- What the exercise asks: Once the line with "J Crew linen" is found, write it out along with every line after it, exactly, up to the last line of the entries below. Exclude pictures.

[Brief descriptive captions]
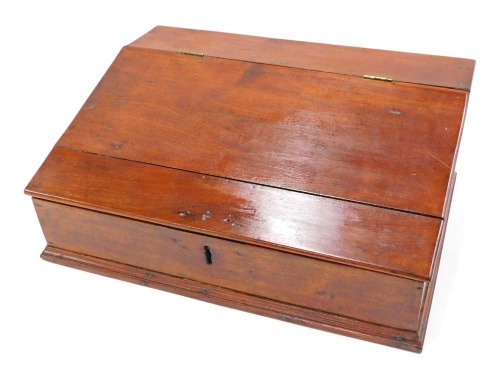 A 19thC fruitwood tabletop writing slope, the hinged lid enclosing interior with two drawers, on a moulded base, 47cm wide.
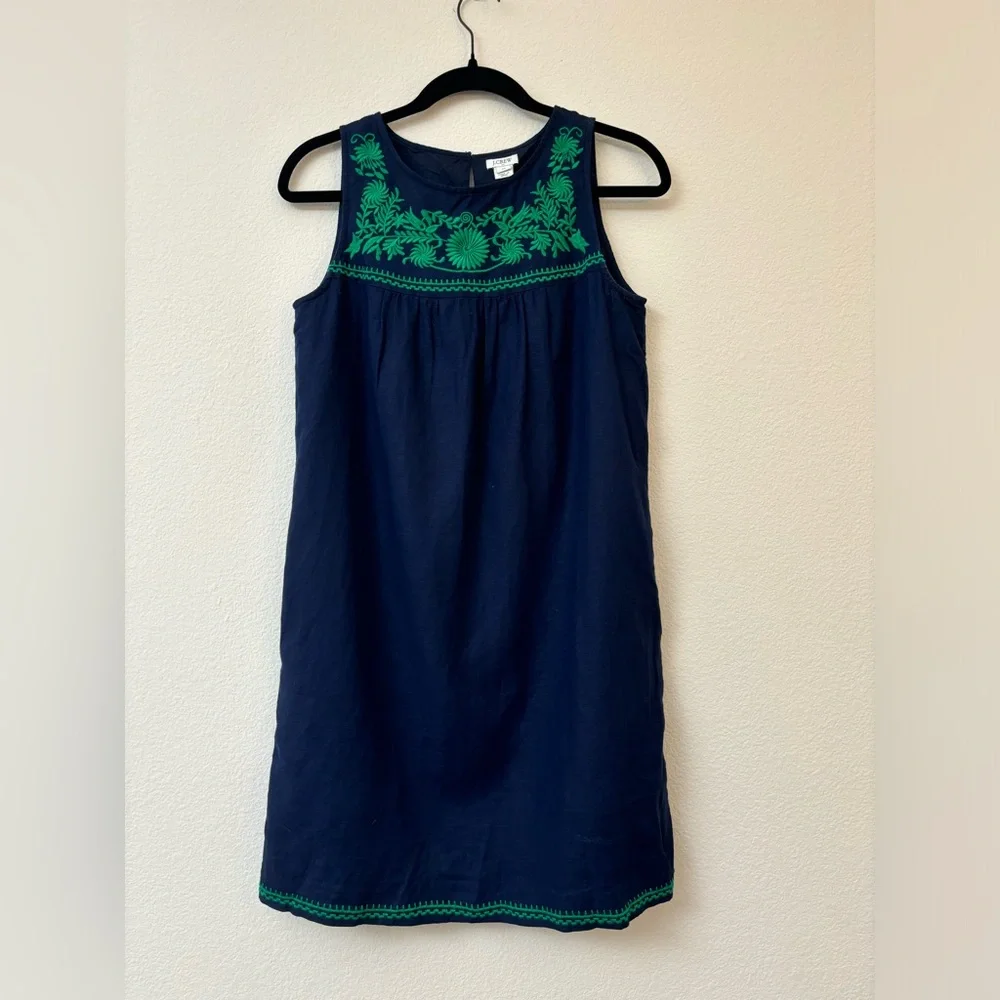 J Crew linen embroidered shift‎ dress, navy and green, with pockets XS, bohemian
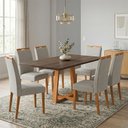 Ver imagem 1 de Conjunto Mesa Jantar Julia 1,6m Freijó Pés Cerejeira 6 Cadeiras Heloísa Almofadada - Bege Linho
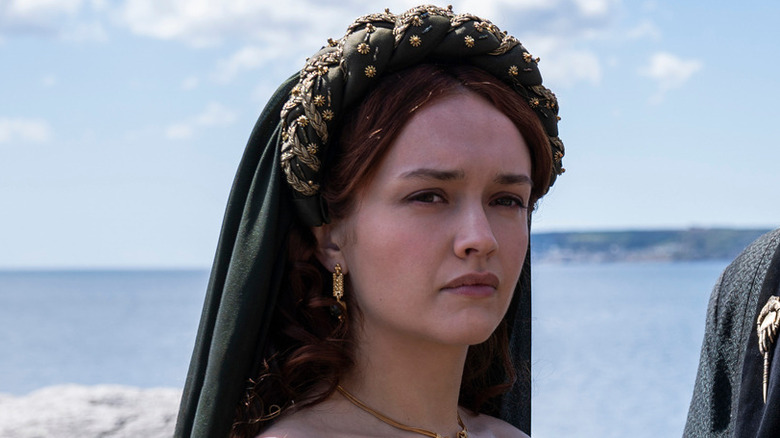 Alicent Hightower looking solemn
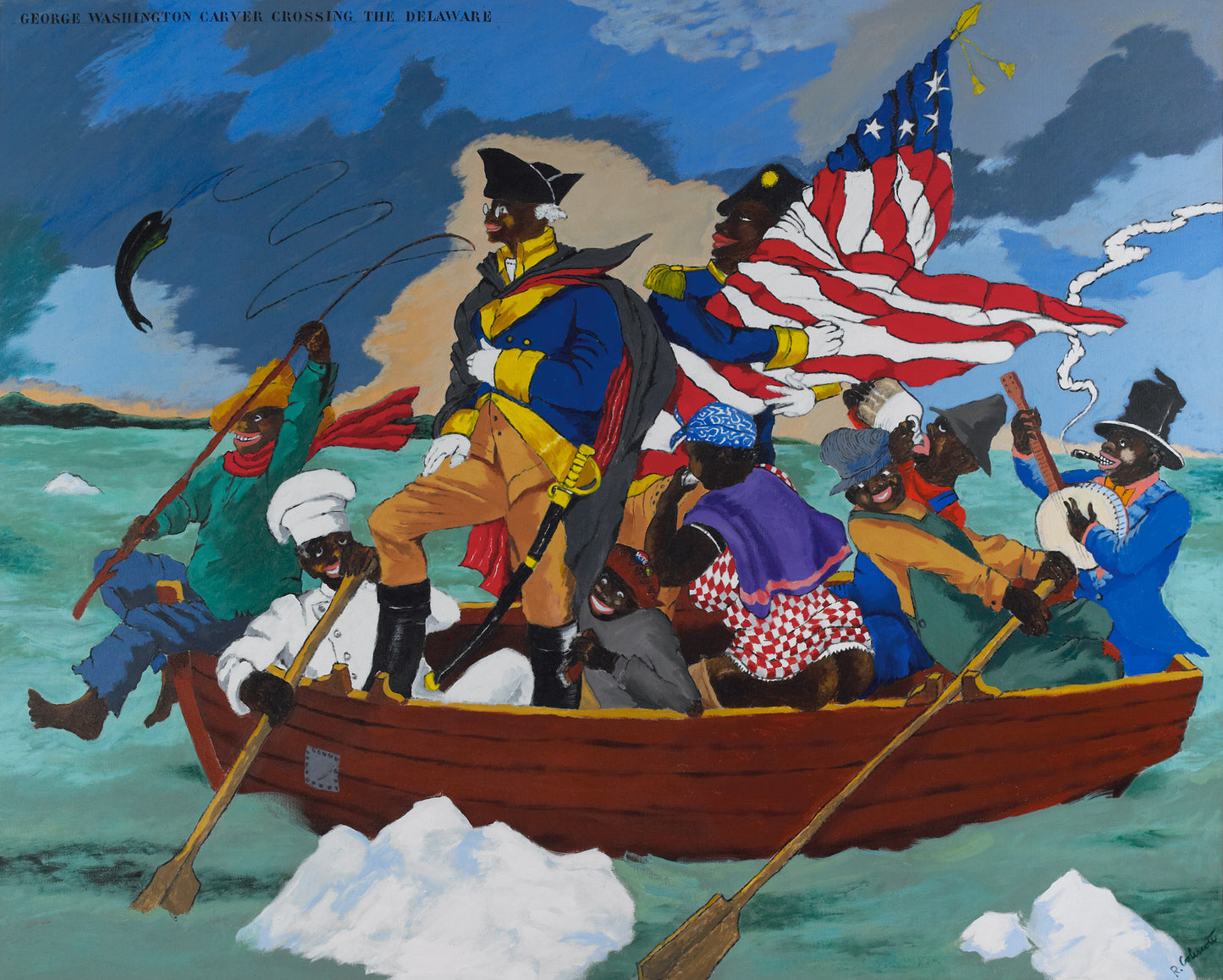 Robert Colescott/George Washington Carver Crossing the Delaware/Canvas Print/Art/Home Decor/New/Gift/Reproduction/.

- Exercise output:
 J Crew linen embroidered shift‎ dress, navy and green, with pockets XS, bohemian
 Ver imagem 1 de Conjunto Mesa Jantar Julia 1,6m Freijó Pés Cerejeira 6 Cadeiras Heloísa Almofadada - Bege Linho
 Alicent Hightower looking solemn
 Robert Colescott/George Washington Carver Crossing the Delaware/Canvas Print/Art/Home Decor/New/Gift/Reproduction/.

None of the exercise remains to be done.